Frei Félix possuía outro talento: dotado de bela voz de barítono, compunha e cantava canções religiosas, que logo se tornaram populares em Roma.

Um seu contemporâneo assim o descreve: "Baixo de estatura, mas de corpo cheio e decentemente robusto. A fronte espaçosa e enrugada, as narinas abertas, a cabeça algo grande, os olhos vivos e de cor puxando para o negro; a boca, não afeminada, mas grave e viril, e o rosto alegre e cheio de rugas; a barba não comprida, mas inculta e espessa; a voz aprazível e sonora; a linguagem de tal qualidade que, se bem que rústico, por ser simples e humilde, convertia em formosura a rusticidade".


Prêmio da glória eterna e canonização

Túmulo de São Félix na Igreja dos Capuchinhos, em Roma
Em sua vida de religioso, diz um seu biógrafo, Frei Félix praticou com perfeição exemplar os três votos monásticos: "Obediente, sem vacilações nem resistências; pobre até os limites do mais absoluto desprendimento; e casto, com a inocência de quem não conheceu derrotas nem sabe o que é a malícia da paixão".(1)

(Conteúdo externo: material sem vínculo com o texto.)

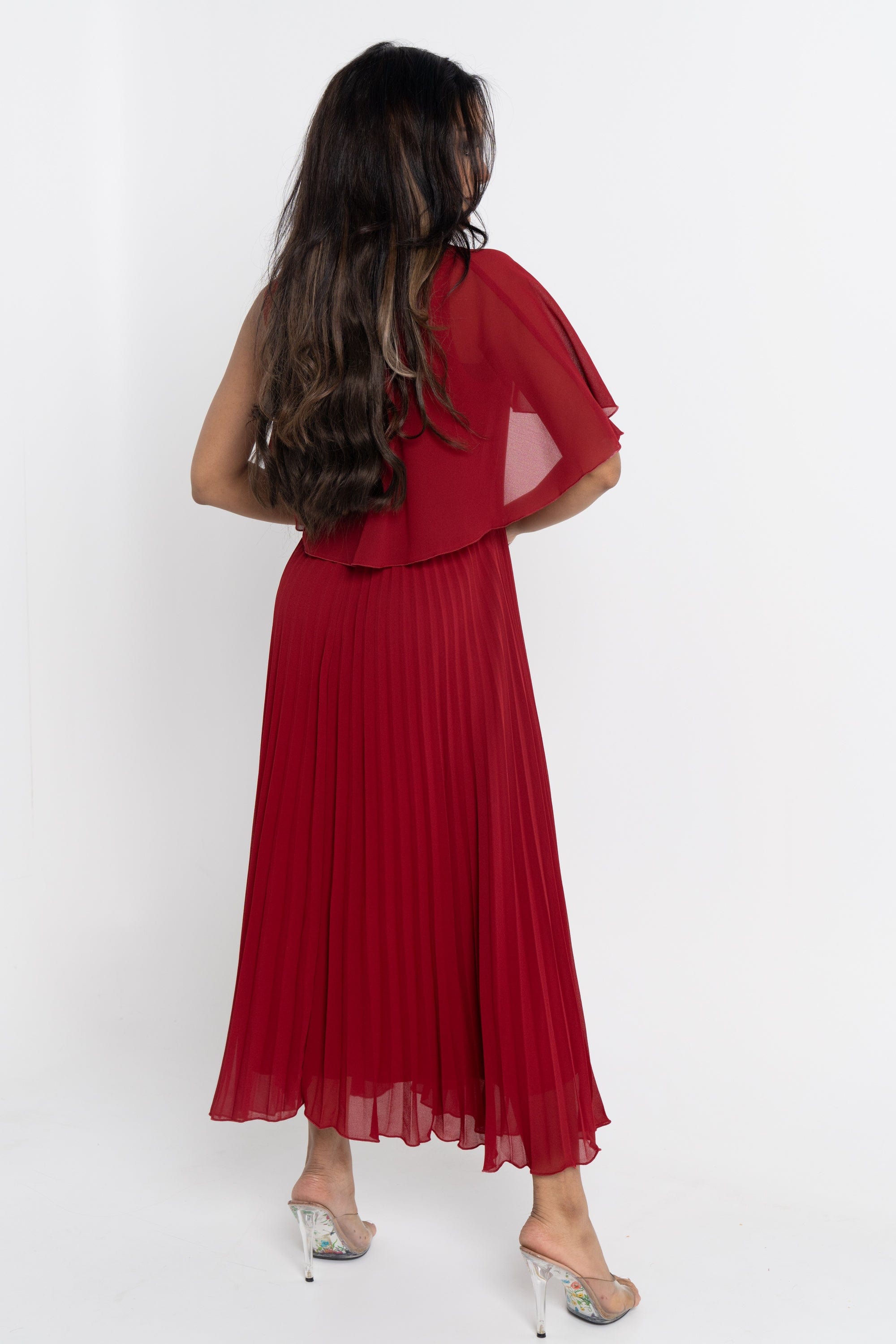 نتشي فستان ميدي بأكمام فراشة بليسية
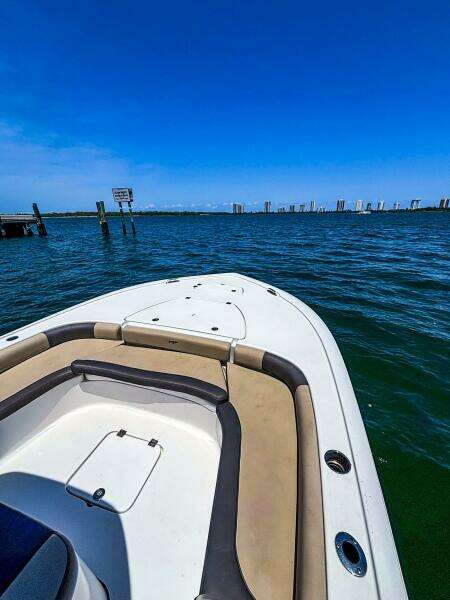 25ft Tidewater Yacht For Sale
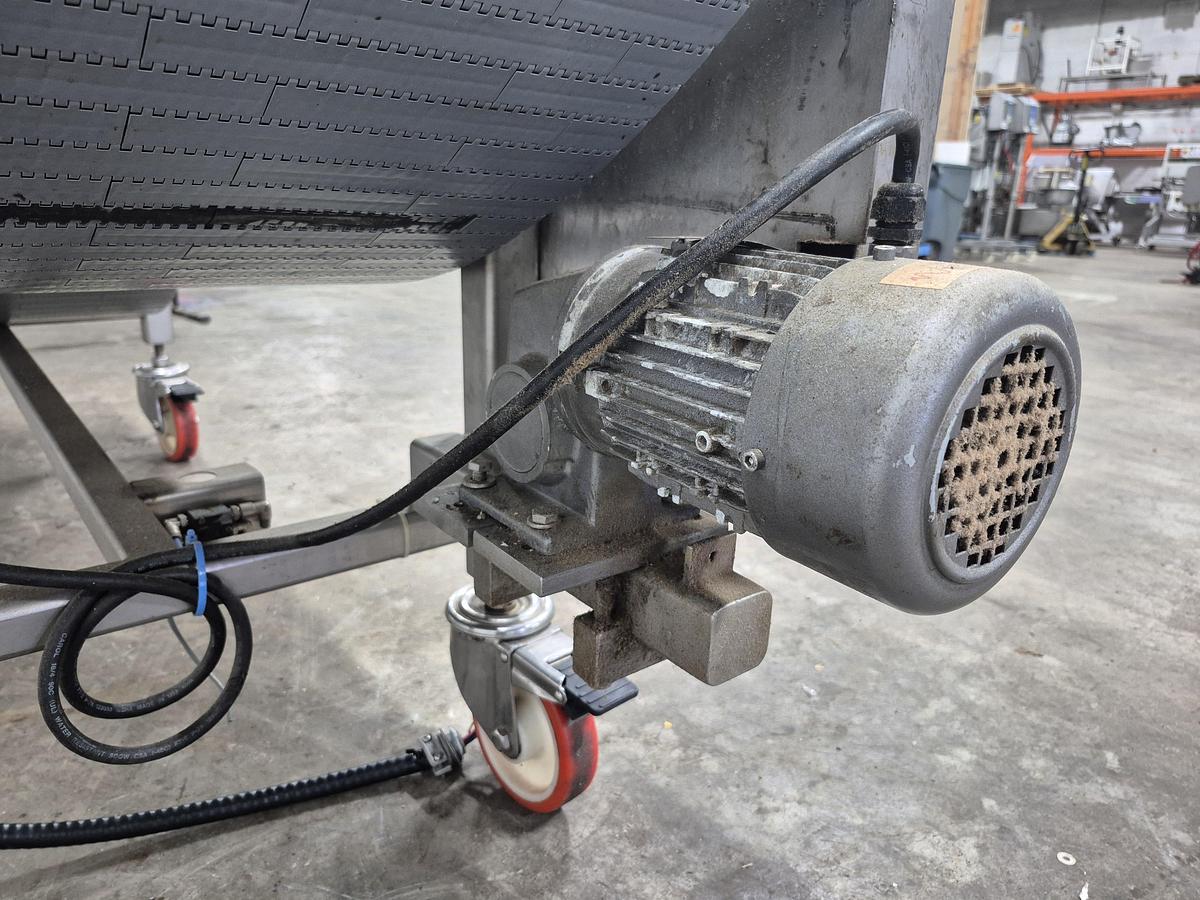 Used 6 Feet Box Conveyor 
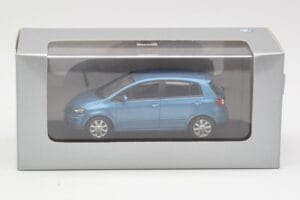 Volkswagen Golf Plus Mk5 Blue Metallic Minichamps 1:43 GOLF002 Kov – obrázek 4 z 4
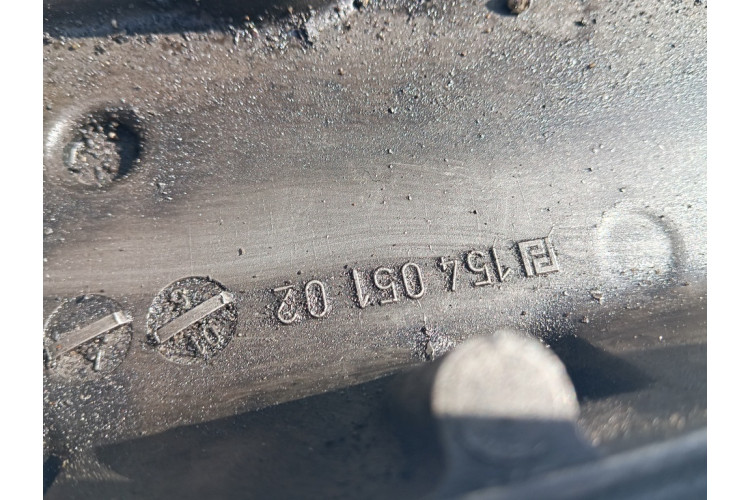 Клапанна кришка Mercedes-Bens W210 1995-2000 15405102 Клапанна кришка Mercedes-Bens W210 1995-2000 15405102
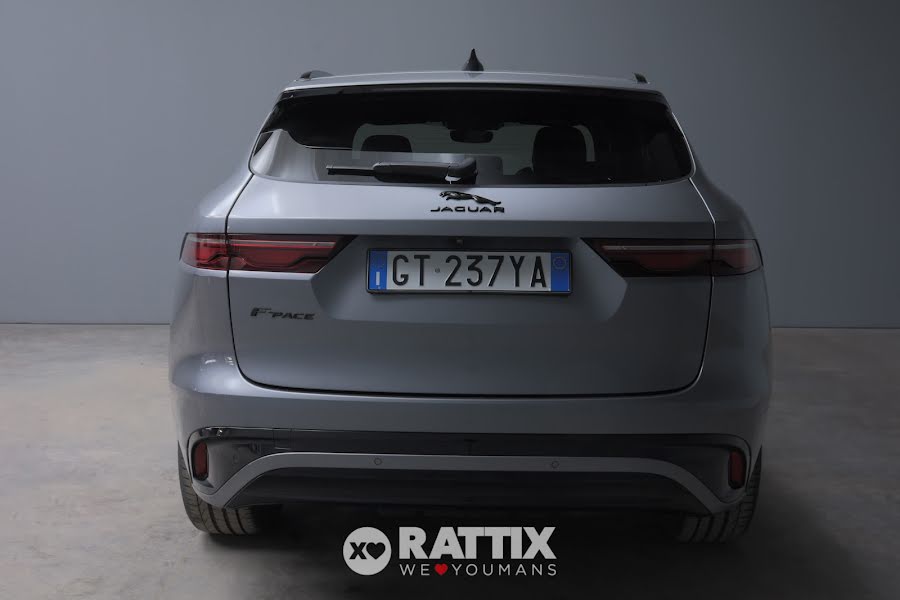 Jaguar F-Pace 2.0d i4 Mhev 204CV R-Dynamic Black AWD Auto + tetto panoramico Grigio  Aziendale foto 6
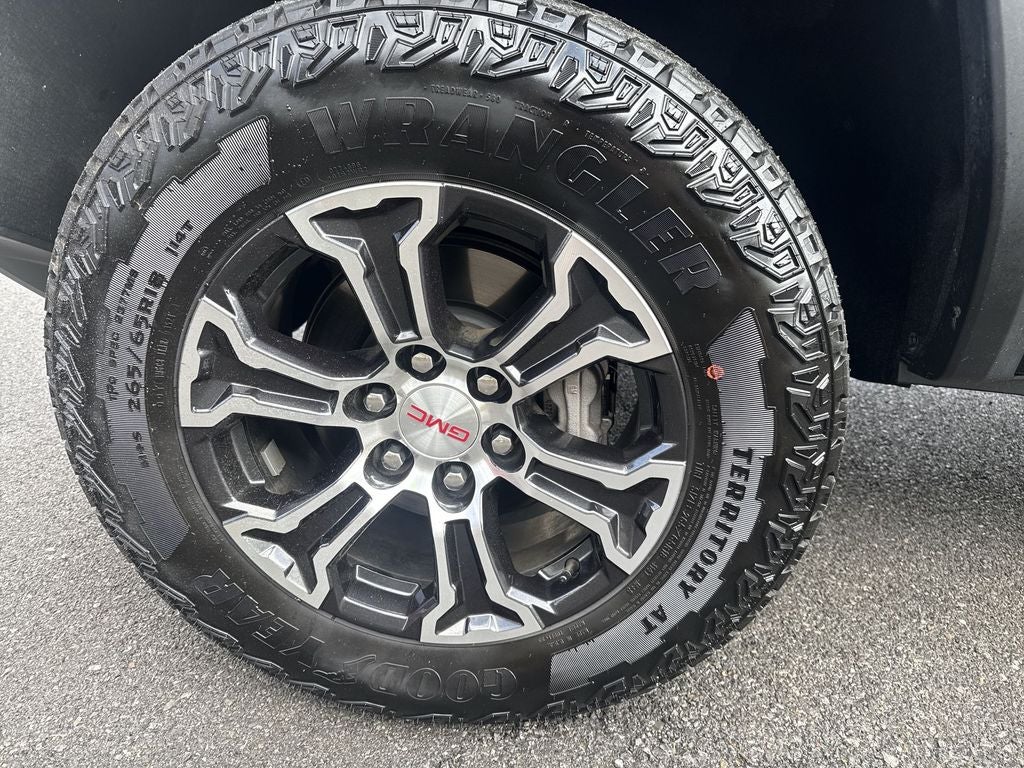 2024 GMC Canyon AT4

Enfim, em maio de 1587, aos 72 anos de idade, Frei Félix de Cantalício entregou sua pura e inocente alma a Deus.

O povo de Roma quis canonizá-lo imediatamente. O Papa reinante, Sixto V, que o conhecera bem, coletou 18 milagres operados pelo Santo para sua beatificação. Frei Félix de Cantalício foi canonizado em 1712.